The runner-up in the UAE trainer's championship last season faces the task of living up to his recent glory.
Hard work pays off for Rod Simpson
The problem with being very successful is that you set a marker against which future performances will be measured. Rod Simpson, trainer for Sheikh Khalifa bin Zayed, President of the UAE and Ruler of Abu Dhabi, came runner-up in the combined thoroughbred and Arabian trainers' championship last season and now faces the task of living up to his recent glory.
"The trouble with having a season like we had last year is that everyone is looking at you to do better," said the London-born handler whose first stint in the UAE was in 2003. Now, ahead of what will be a big season for the UAE with the launch of Meydan, the evergreen 64-year-old knows he has lofty standards to maintain. Simpson and his Al Asayl Stables team recorded 28 winners from a 36-runner yard consisting of Arabians and thoroughbreds last season - not a bad success rate considering that just above him on the table sits champion trainer Doug Watson master of Dubai's Red Stables with 31 from 74.
"It was amazing but it was hard work. It's amazing we did as well as we did because last year we were really still in transition," said Simpson, who runs Al Asayl with his assistant Annie Wise. "Annie, who knows these horses very well, is a major part of this operation and has been essential to our success." Simpson and Wise's hard work paid off with interest when Fryvolous, the purebred Arabian who cut a winning swathe through Arabian races in the UK this summer, romped to a three-and-a-half-length victory in the Group One Kahayla Classic on World Cup day.
Emotional scenes followed for Simpson, with the tearful handler, voice cracking, barely able to speak after the race. "I didn't win any Group Ones with thoroughbreds while I was in the UK, although I won some good Group Twos and Threes," said Simpson, who trained in the English racing town, Lambourne. "Someone asked me why I went so crazy when Fryvolous won the Arabian race on World Cup night when I didn't celebrate any of my UK thoroughbred wins so much, and I think it was because that day was the result of a lot of hard work from everyone here.

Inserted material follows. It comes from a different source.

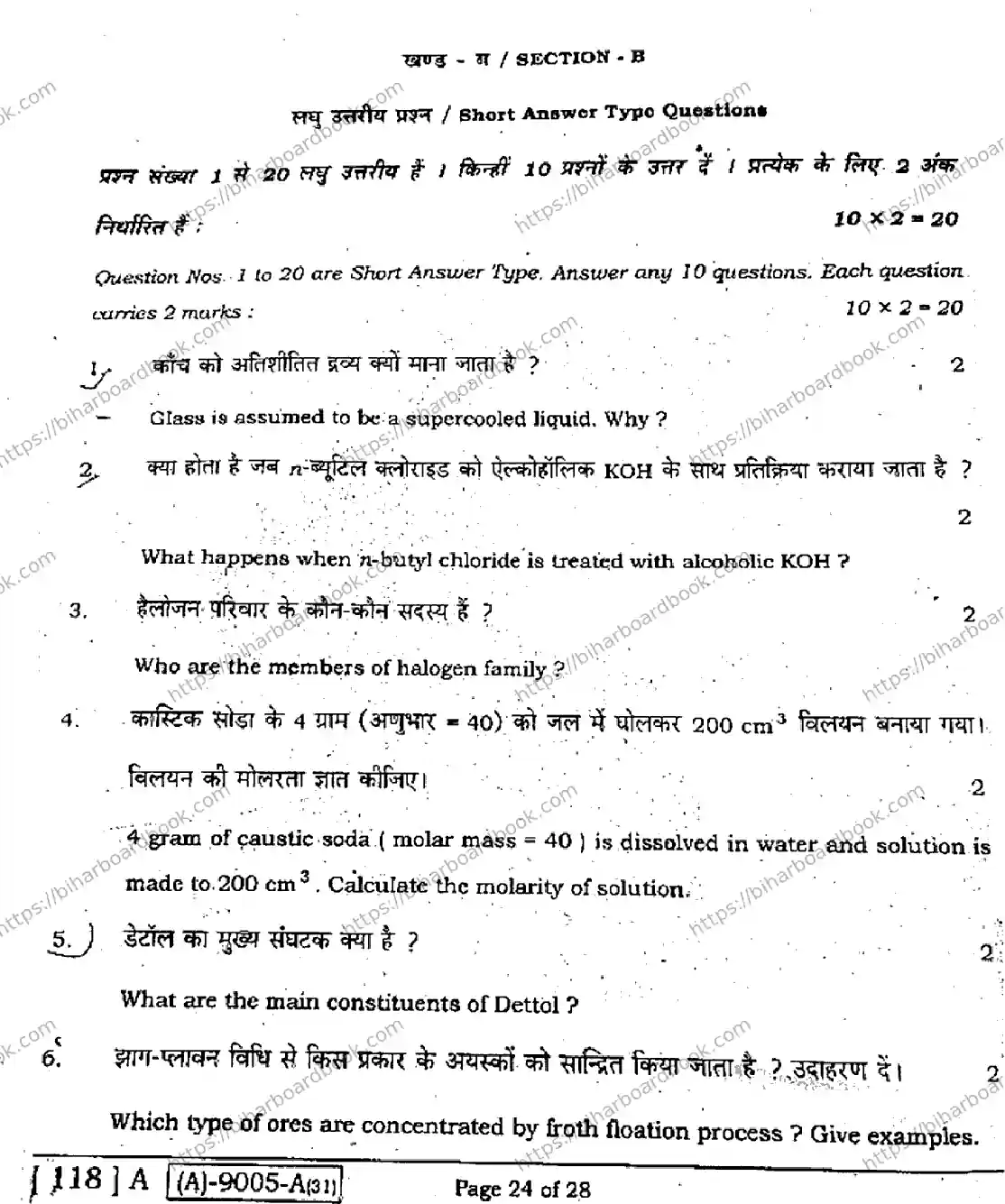 Bihar Board Class 12th 2021 Chemistry  118A  2021 Previous Year Paper 24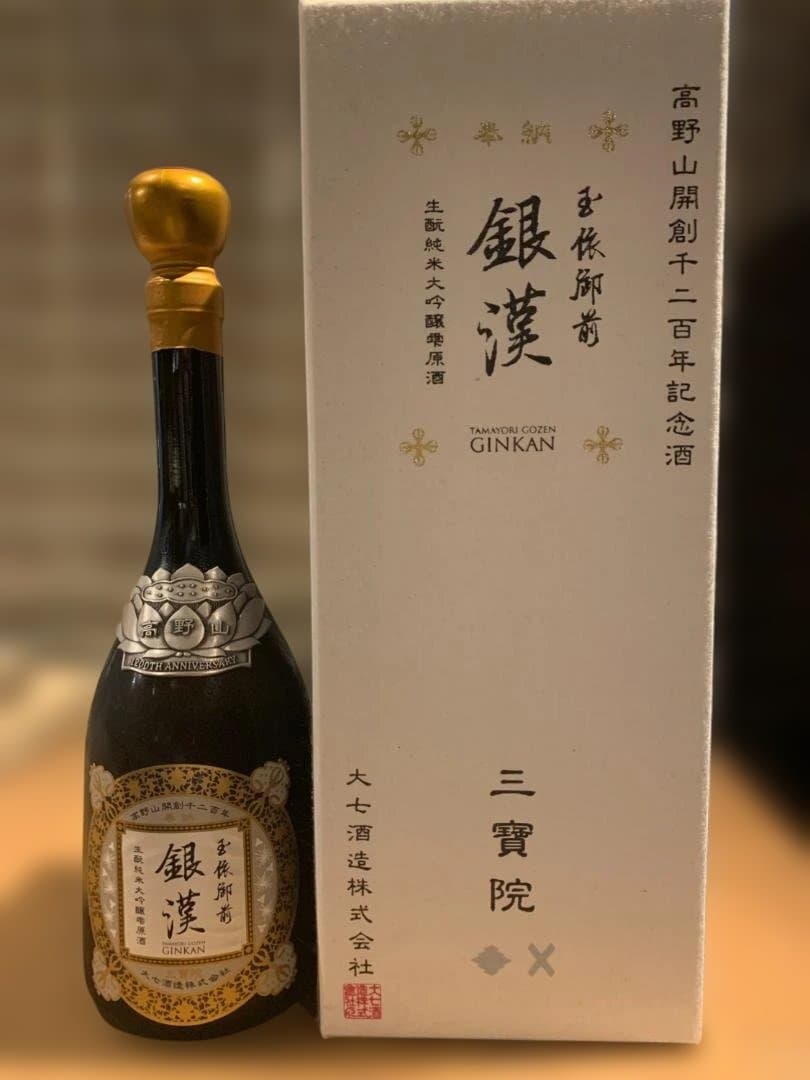 大七　銀漢　玉寄御前　 日本酒 720ml 2010年製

It was something really special."
Simpson currently has four thoroughbreds in his yard, although eight more are expected to arrive from Europe. The rest of the 36-strong string are Arabians. "The first few races of the season are always tough because everyone wants early results so they put out their best horses. We are going to be represented at all three of the opening meets from November 6 - it's a very important weekend," said Simpson.
"At this stage we are quite forward with our training but my priority is to keep them quiet, keep them sound and keep them happy. You can't get at Arabians. If you do they give you nothing or you break them down. They are spirited and you have to let them develop. If he's ready he will come to you and if he doesn't you just have to put him away for a bit." Simpson's tender method of handling Arabians paid dividends last year. He won the Arabian trainers' title, which runs alongside the combined thoroughbred and Arabian championship, with 24 wins from 30 horses, twice as many as runner-up trainer, Gillian Duffield.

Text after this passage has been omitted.